Personalmente non amo i racconti in generale e secondo me questo romanzo, seppur successivamente unificato, risente lo stesso nella lettura di alcune ridondanze che si trovano nei racconti seriali, che vogliono dare dei piccoli riepiloghi al lettore.
Detto questo la storia della prigione di Cold Montain, la tragedia della condanna a morte del gigante Jon Coffey sicuramente mi sono piaciuti al di là di tutto il resto.
La storia è nota a tutti ma oltre alla trama principale ci sono delle piccole sotto trame che funzionano particolarmente e tengono il lettore pieno di curiosità in entrambi i fronti.
Il Paul Edgecombe giovane a capo della prigione è un uomo forte, sensibile a modo suo e con una coscienza pulita sebbene il lavoro che ha scelto di fare.
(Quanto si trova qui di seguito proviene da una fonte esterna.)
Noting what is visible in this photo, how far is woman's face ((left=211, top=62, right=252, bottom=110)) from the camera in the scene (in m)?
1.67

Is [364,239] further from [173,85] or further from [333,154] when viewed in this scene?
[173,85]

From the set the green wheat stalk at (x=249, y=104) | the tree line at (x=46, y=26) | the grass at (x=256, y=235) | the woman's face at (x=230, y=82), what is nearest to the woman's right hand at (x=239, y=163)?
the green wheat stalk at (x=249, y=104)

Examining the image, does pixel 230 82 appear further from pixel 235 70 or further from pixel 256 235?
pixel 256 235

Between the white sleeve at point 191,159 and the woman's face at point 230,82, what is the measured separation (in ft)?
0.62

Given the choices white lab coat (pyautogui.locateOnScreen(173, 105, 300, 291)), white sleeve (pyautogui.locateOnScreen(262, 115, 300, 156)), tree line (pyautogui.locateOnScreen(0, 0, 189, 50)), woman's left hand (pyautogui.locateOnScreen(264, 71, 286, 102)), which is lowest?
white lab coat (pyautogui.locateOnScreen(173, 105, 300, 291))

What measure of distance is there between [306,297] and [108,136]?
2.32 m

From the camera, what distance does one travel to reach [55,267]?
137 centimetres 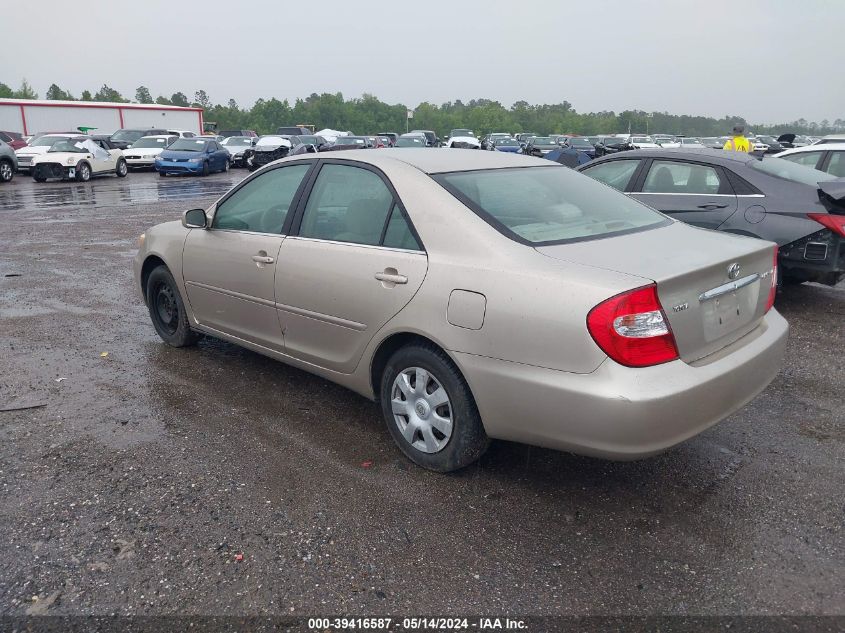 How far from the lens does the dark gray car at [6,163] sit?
22.3 metres

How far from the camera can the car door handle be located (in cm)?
356

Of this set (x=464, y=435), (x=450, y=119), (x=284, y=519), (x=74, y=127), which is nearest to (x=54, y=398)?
(x=284, y=519)

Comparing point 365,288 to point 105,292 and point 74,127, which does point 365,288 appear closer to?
point 105,292

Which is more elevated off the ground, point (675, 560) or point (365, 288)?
point (365, 288)

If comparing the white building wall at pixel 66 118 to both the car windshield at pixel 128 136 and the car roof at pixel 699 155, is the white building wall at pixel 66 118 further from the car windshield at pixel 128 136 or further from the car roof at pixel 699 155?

Accompagnare i detenuti che sono stati condannati per i loro crimini è un compito pesante, ti consuma l’anima ma Paul lo fa con la massima “delicatezza” che può esserci in un lavoro del genere.
Il Paul anziano, colui che narra la storia, è un uomo più debole ma ancora di lucido e sveglio di mente, rinchiuso in un’ospizio ma con un piccolo segreto.
Di sicuro non posso dire che è il mio King preferito ma ho trovato la storia toccante e leggermente da brivido, con questa sottile lotta tra bene e male che non può mai mancare nei suoi romanzi.